A World of Content on Every Web Site
Solving the Performance Challenges for Media and Portal Sites
In April 2009, Google sent a video reporter to Times Square to ask passers-by to answer the simple question, “What is a browser?” (See the video). Fewer than 8 percent of the respondents could answer the question correctly. It would be interesting to follow up this random survey with the similarly disarming question, “What is a Web site?” No doubt the average Internet user would find that question equally, if not more, challenging.
Wikipedia (see accompanying interview) defines a Web site this way:
A website (also spelled Web site or web site) is a collection of related web pages, images, videos or other digital assets that are addressed with a common domain name or IP address in an Internet Protocol-based network. A web site is hosted on at least one web server, accessible via a network such as the Internet or a private local area network.
A web page is a document, typically written in plain text interspersed with formatting instructions of Hypertext Markup Language (HTML, XHTML). A web page may incorporate elements from other websites with suitable markup anchors.
That definition encompasses the many elements and permutations that make up a Web page or site. But to the average Internet user, a Web site is a single destination that delivers information or entertainment in various forms — video streams, photos, localized weather, feature stories. What does it matter where the content is coming from? For the average user (emphasis on average), all the content is coming from the one site they’re visiting. But as anyone who works in the industry is well aware, the content on any given site can originate from a number of sources.
Media Mash-Ups and Personalized Portals
Perhaps some of the most complicated sites on the Web are media outlets for news, sports, and entertainment, and portal sites like AOL, Yahoo!, iGoogle and the like. These destinations define “rich” content, loaded as they are with video streams, Flash movies, news feeds, tweets and, of course, advertising. Some of the mash-ups are completely transparent. Google News, for example, gives clear attribution to the sources of its stories; none of its content is original. On other sites, pulled-in content is not so obvious. And in most cases, content is being pulled in from multiple sources completely invisibly to the viewer.
While it’s not yet the “semantic Web” envisioned a decade ago by Sir Tim Berners-Lee, the man credited with inventing the World Wide Web — a Web where machines can understand, analyze, and combine information in usable ways without human intervention — the fact is that today’s Web relies very much on the free and automatic exchange of content among unrelated sites. Whether it’s external news feeds, product information from a manufacturer, live updates from Twitter, or the ubiquitous ad banners and boxes, more and more Web sites are populating their pages with content that comes from somewhere else on the Web — including owned or outsourced content delivery networks and the site owner’s own affiliated domains. For webmasters, this makes for complicated site performance and user experience challenges.

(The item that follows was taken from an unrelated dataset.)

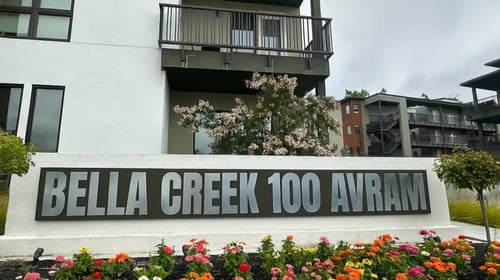 A white building with a sign that says Bella Creek 100 Avram.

The Complexities of Content
“Gone are the days of a simple Web page with one or two people updating it,” says Shawn White, director of external operations for Keynote. “Nowadays, you have dozens, if not hundreds of servers and computers that are all over the world trying to serve up this content as fast as possible, and being updated by any number of people, including the public. For Web operations and IT managers who are responsible for uptimes and availability, it just makes things a whole lot more complex.”
In those days, back near the turn of the century, when sites created and pushed content out more or less from a single source, performance was in the hands of the site owners. They were responsible for implementing and configuring the capacity they needed to handle their expected traffic — and when there were performance lapses, they looked in the mirror to find the sources and solutions. After 9/11, for example, many of the major news sites went down for hours or days. They simply weren’t designed to handle the tremendous surge in visitors as Americans flocked to the Internet for news and updates. These were perhaps the most significant, spontaneous flash crowds that the adolescent Internet saw, and many sites’ inability to handle them was painfully obvious. But the problems were mainly internal capacity and external bandwidth.
Fast forward to today. In less than a decade since 9/11, the capacity of the Internet overall and of individual Web sites to handle traffic has increased exponentially — as have user expectations that sites will be available and fast 24/7/365. Today, Web sites are no longer single-source, singly hosted affairs; content is often fed from multiple external sources to populate a page. Bandwidth-intensive, processor-hungry video is everywhere, and is the life blood of many media sites. Flash-crowd events large and small are not uncommon, and by and large, most sites take them reasonably in stride. Site crashing is a much rarer phenomenon, even in the crush of traffic after a tsunami, an historic election, or a plane landing in the Hudson. Site performance, however, can still be significantly degraded by a major surge in traffic.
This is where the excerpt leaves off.